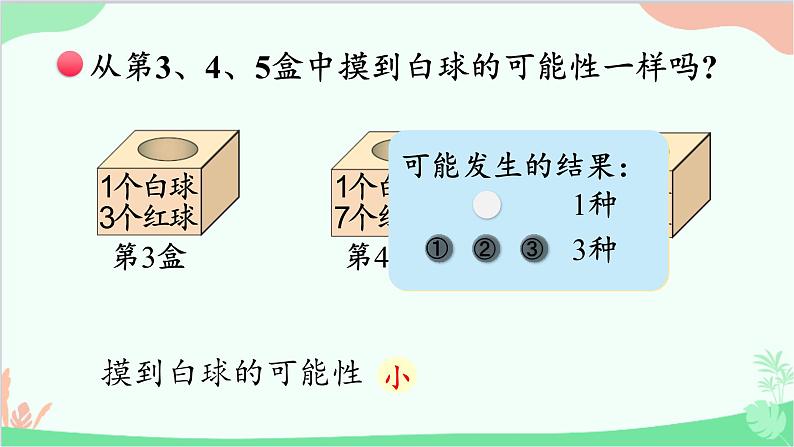 北师大版数学四年级上册 八、可能性-第2课时   摸球游戏  课件05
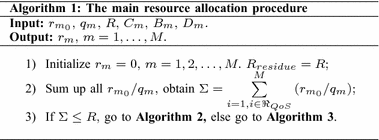 figure b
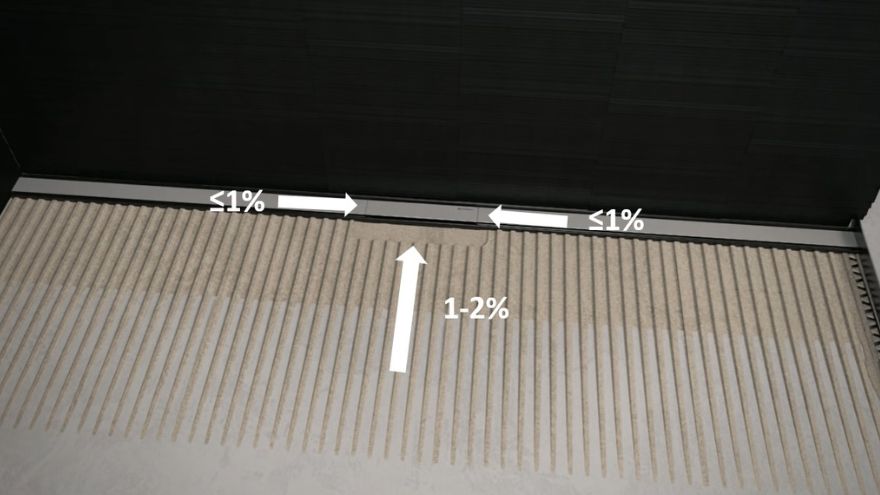 Geberit CleanLine linearni odvodi - određivanje stepena nagiba poda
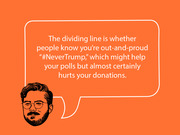 Editorial illustration of a bearded man with glasses and a speech bubble quoting text about being #NeverTrump affecting polls and donations.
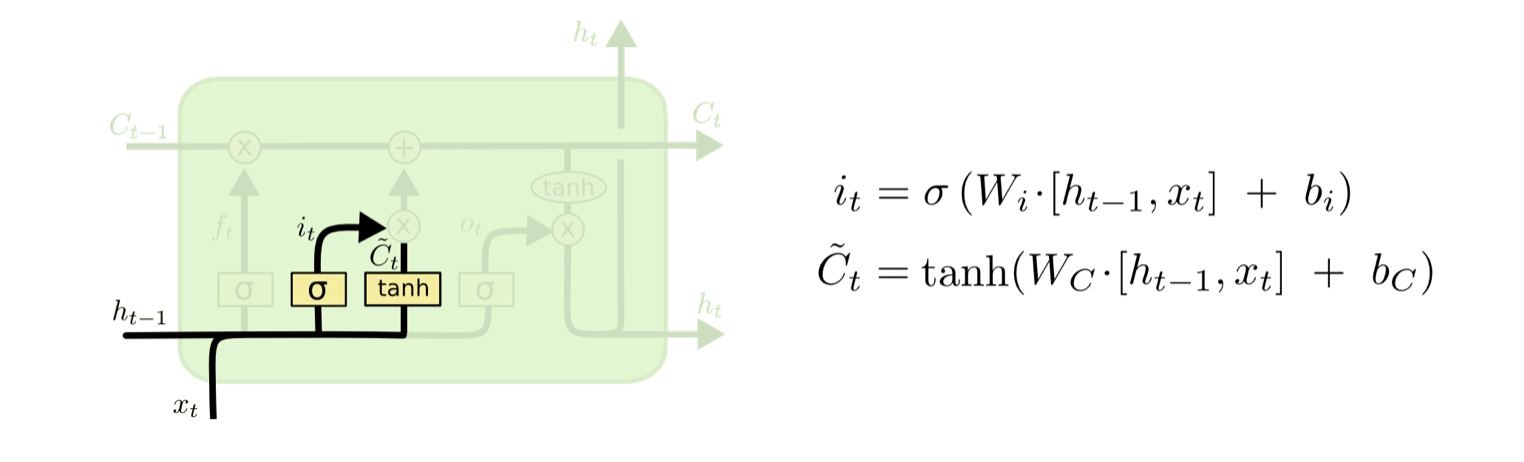 LSTM网络架构 lstm的基本结构_激活函数_04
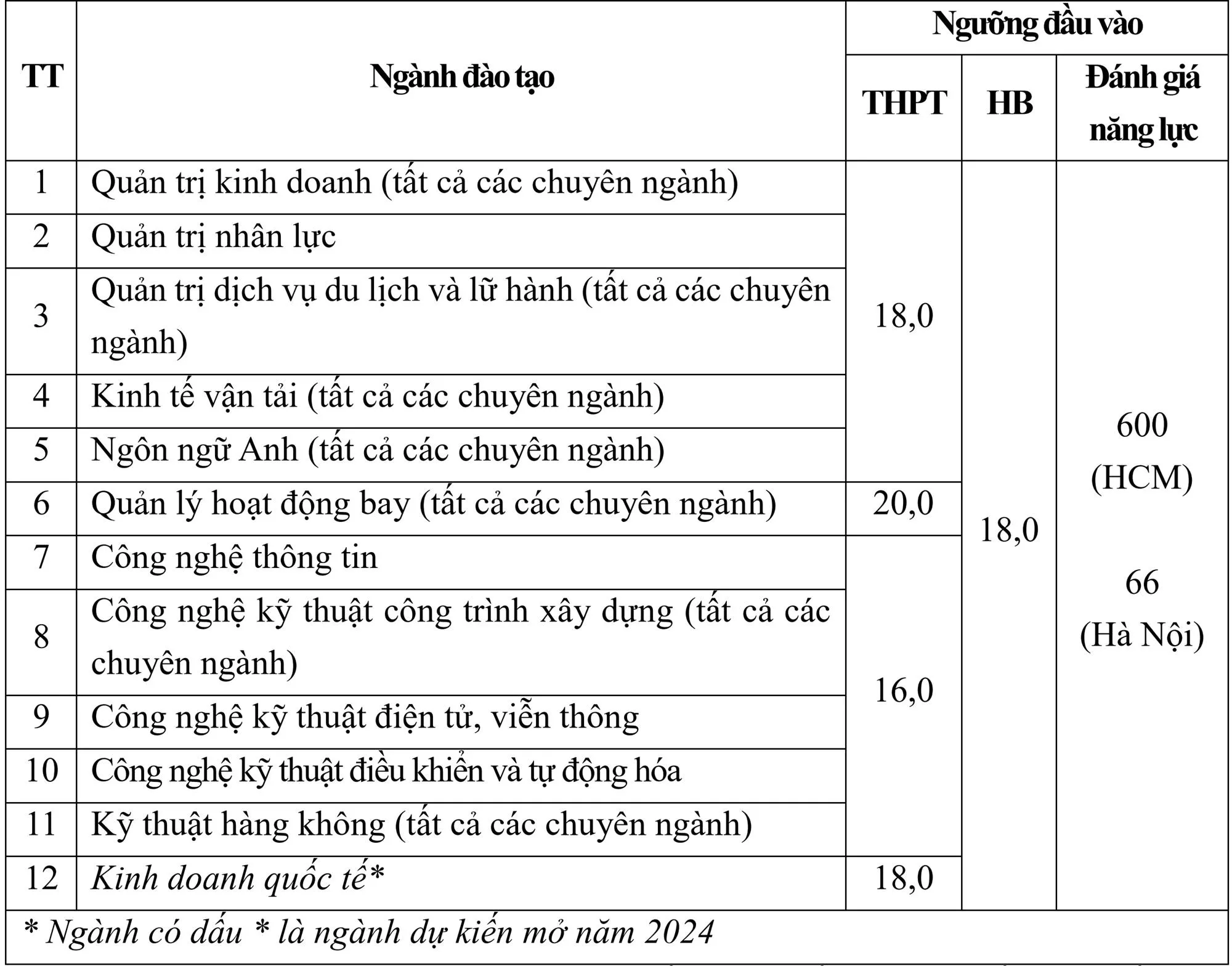 diem-san-hoc-vien-hang-khong-190724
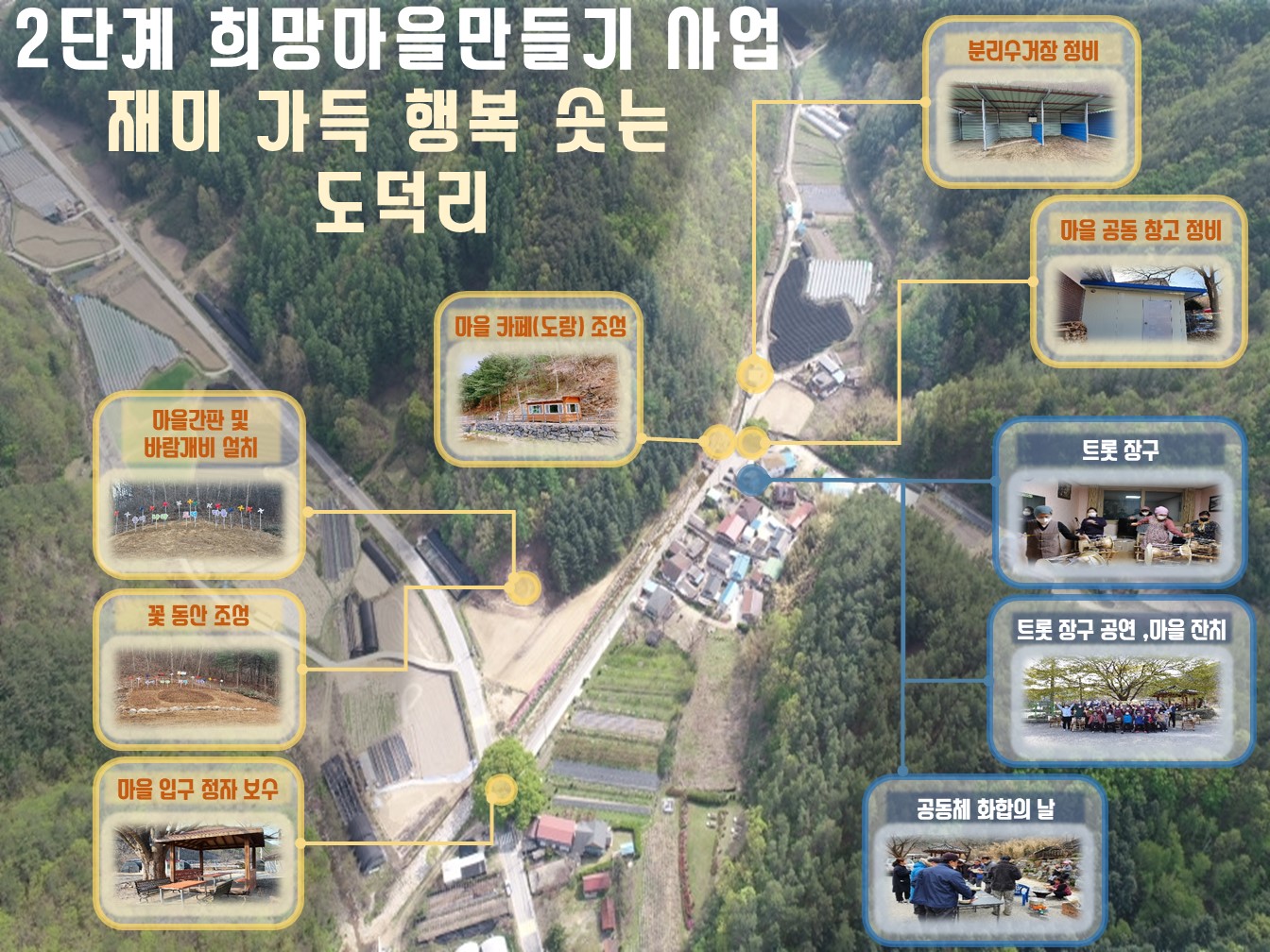 도덕리 활동사진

ABOUT THIS EXERCISE -
With the pictures omitted, copy exactly the lines from the line that contains "Editorial illustration of" through the end of the material.

ANSWER BELOW -
 Editorial illustration of a bearded man with glasses and a speech bubble quoting text about being #NeverTrump affecting polls and donations.
 LSTM网络架构 lstm的基本结构_激活函数_04
 diem-san-hoc-vien-hang-khong-190724
 도덕리 활동사진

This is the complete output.